Things not to do at Your Thesis Defense
- "Ladies and Gentlemen, please rise for the singing of our National Anthem..."
- "Charge the mound" when a professor beans you with a high fast question.
- Describe parts of your thesis using interpretive dance.
- Stage your own death/suicide.
- Lead the specators in a Wave.
- Have a sing-a-long.
- "You call that a question?

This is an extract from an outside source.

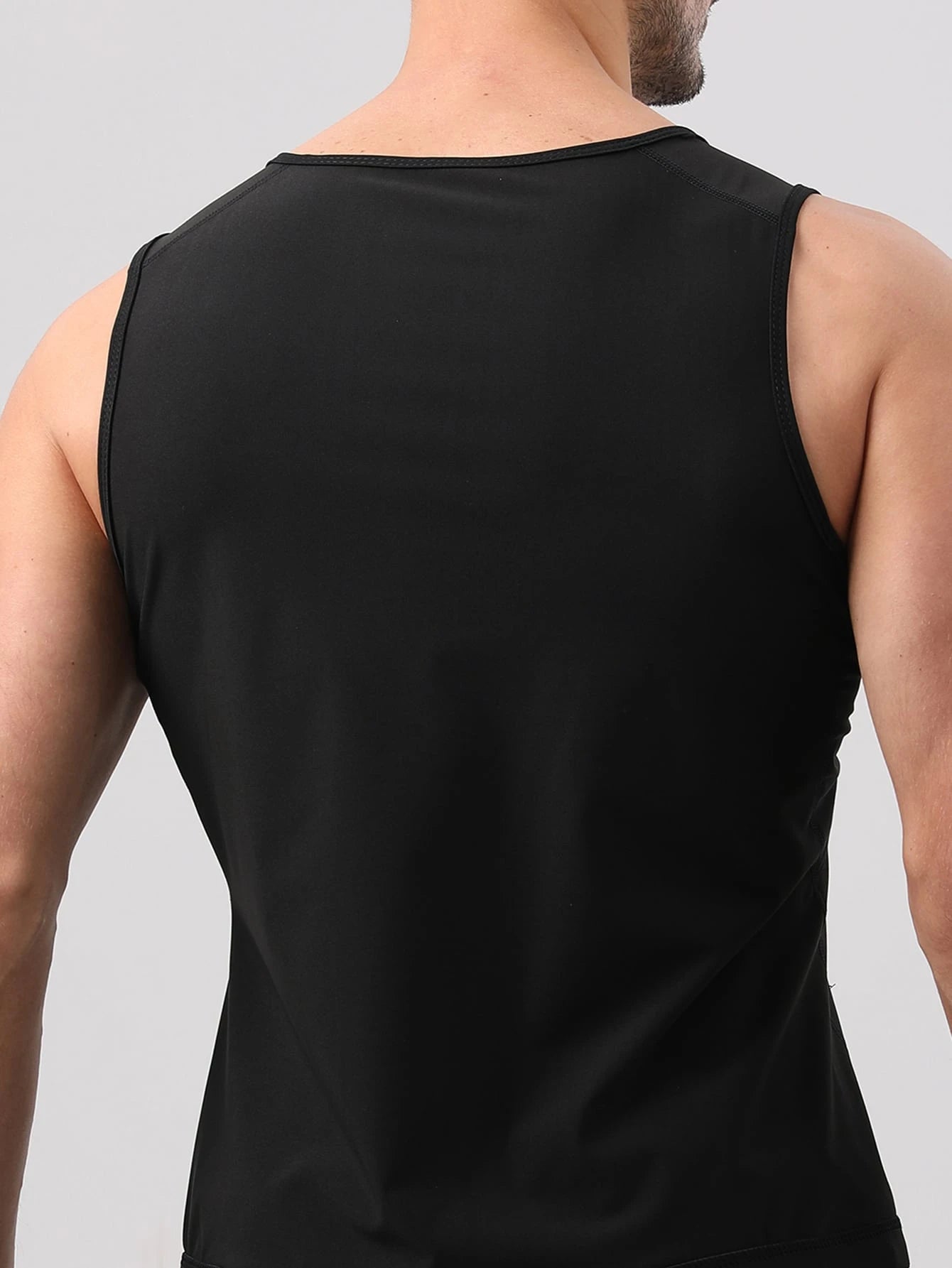 Men's Sports Outdoor Sauna Sweat Vest, Tummy Control Tight Waistband (Order One Size Up) Fall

How did they make you a professor?"
- Have bodyguards outside the room to "discourage" certain professors from sitting in.
- Puppet show.
- Group prayer.
- Sell T-shirts to recoup the cost of copying, binding, etc.
- Mime.
- Hold a Tupperware party.
- Have a bikini-clad model be in charge of changing the overheads.
- Charge a cover and check for ID.
- "Anybody else as drunk as I am?"
- Smoke machines, dramatic lighting, pyrotechnics...
- Use a Super Soaker to point at people.
- Surreptitioulsy fill the room with laughing gas.
- Door prizes and a raffle.
- "Please phrase your question in the form of an answer..."
- Present your entire talk in iambic pentameter.
- Whine piteously, beg, cry...
- Switch halfway through your talk to Pig Latin.
- Table dance (you or an exotic dancer).
- Fashion show.
- "I'd like to thank the Academy..."
- Pass the collection basket.
- Two-drink minimum.
- Black tie only.
- Incite a revolt.
- Release a flock of doves.
- "And now a reading from the Book of Mormon..."
- "There will be a short quiz after my presentation..."
- "Professor Robinson, will you marry me?"
- Bring your pet boa.
- Tell ghost stories.
- Do a "show and tell".
- Food fight.
- Challenge a professor to a duel.
- Halftime show.
- "Duck, duck, duck, duck... GOOSE!"
- "OK - which one of you farted?"
- Sell those big foam "We're number #1 (sic)" hands.
- Pass out souvenier matchbooks.
- "Tag - you're it!"
- Hang a pinata over the table and have a strolling mariachi band.
- Make each professor remove an item of clothing for each question he asks.
- Rent a billboard on the highway proclaiming "Thanks for passing me Professors X,Y, and Z" - before your defense happens.
- Have a make-your-own-sundae table during the defense.
- Throw a masquerade defense, complete with bobbing for apples and pin-the-tail-on-the-donkey.
- Use a Greek Chorus to highlight important points.
- "The responsorial psalm can be found on page 124 of the thesis..."
- Tap dance.
- "I'm sorry Professor Smith, I didn't say 'Simon says any questions?' You're out."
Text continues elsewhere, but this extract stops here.